Is Canada complicit?

Canadian Palestinian Muhannad Ayyash is a professor of sociology at Mount Royal University who studies violence and colonialism. He says what’s happening in Gaza is “a deliberate genocidal operation” and that Canada is complicit by having not called for a ceasefire.

“So it is partaking in the U.S. effort to not de-escalate the situation and give the Israelis a blank diplomatic cover so that they can carry out this operation without much international pressure. So [Ottawa is] part of the U.S. protective umbrella for the Israeli state to carry out the genocide.”

The Liberal government has said Israel has the right to defend itself, though Prime Minister Justin Trudeau has pushed for temporary pauses in fighting and called on the Israeli government to “exercise maximum restraint.”

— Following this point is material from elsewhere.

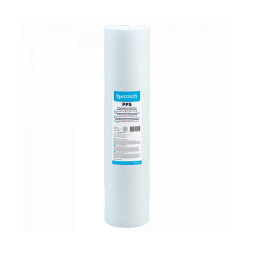 Картридж из вспененного полипропилена Ecosoft 4,5"х20" 5 мкм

The U.S. and Canada have long stood by Israel, or at a minimum refused to condemn its actions. In October, the UN General Assembly passed a motion calling for an “immediate and sustained ‘humanitarian truce'” in the fighting. The U.S. voted against the motion; Canada abstained.

On Thursday, an Ottawa law firm representing Canadians with families in Gaza served the government with “notice of intention to prosecute” Canadian officials who have been complicit in or “aided and abetted in war crimes, crimes against humanity, or genocide.”

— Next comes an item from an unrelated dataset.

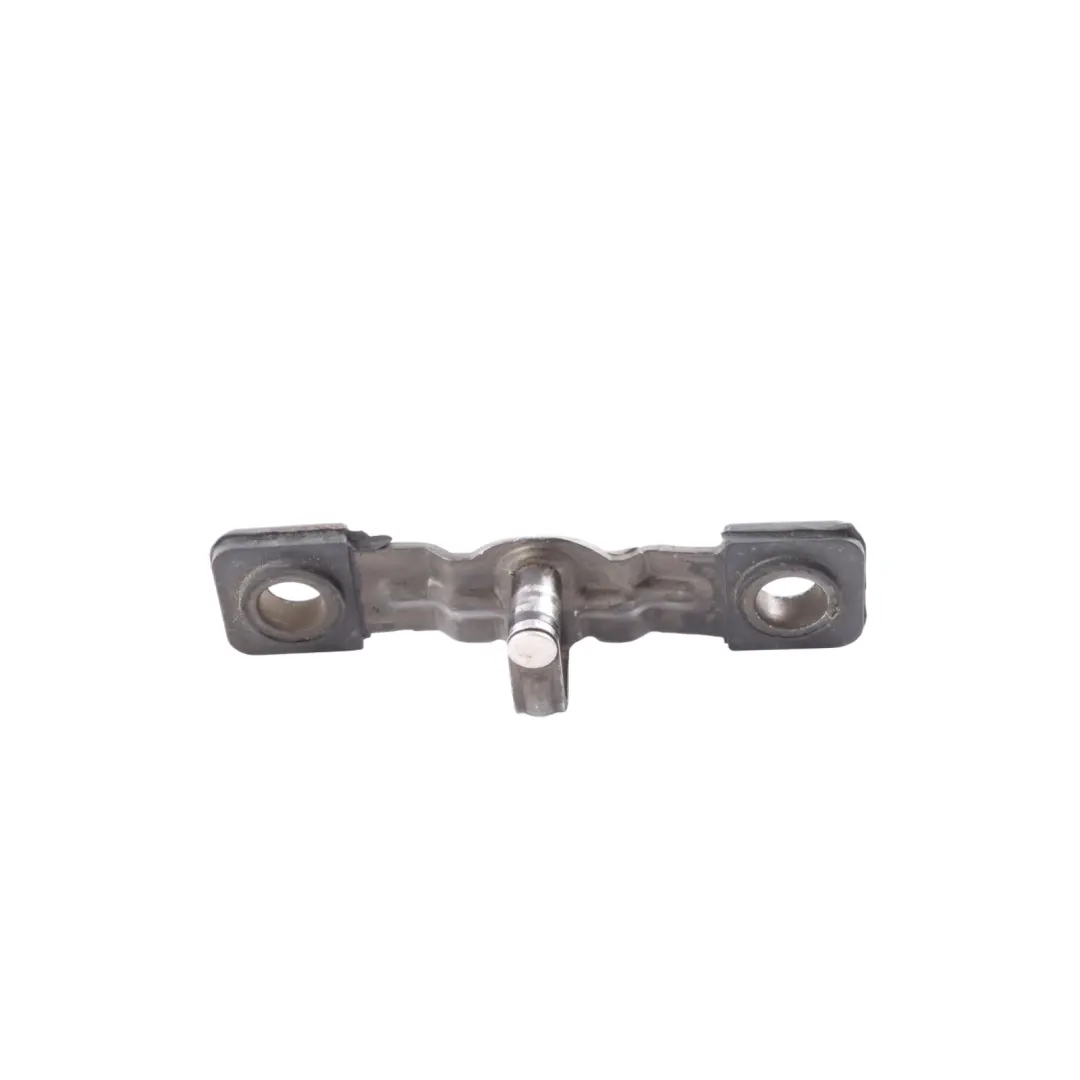 VW Volkswagen Passat B7 Rear Tailgate Hatch Boot Striker Lock Plate - SKU 3C9827507 - Part number 3C9827507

The firm “thought it necessary … given the seriousness of Israel’s crimes in Gaza which include the killing of our clients’ family members,” said Yavar Hameed, the lawyer behind the notice.

‘A number of costs’

But there are those who view the accusations of genocide as not only inaccurate, but potentially harmful.

Dov Waxman, chair of Israel studies at UCLA, says that while the death toll in Gaza is “unacceptably high,” he does not believe the Israeli military is deliberately targeting civilians. He says he believes there is a risk of “genocidal action,” but that using the term at this point risks creating a “boy who cried wolf” situation.

“In order to make those warnings credible we need to not then characterize the existing situation as yet.”

Accusing Israel of genocide also contributes to a narrative that portrays the country as “exceptionally evil,” said Waxman.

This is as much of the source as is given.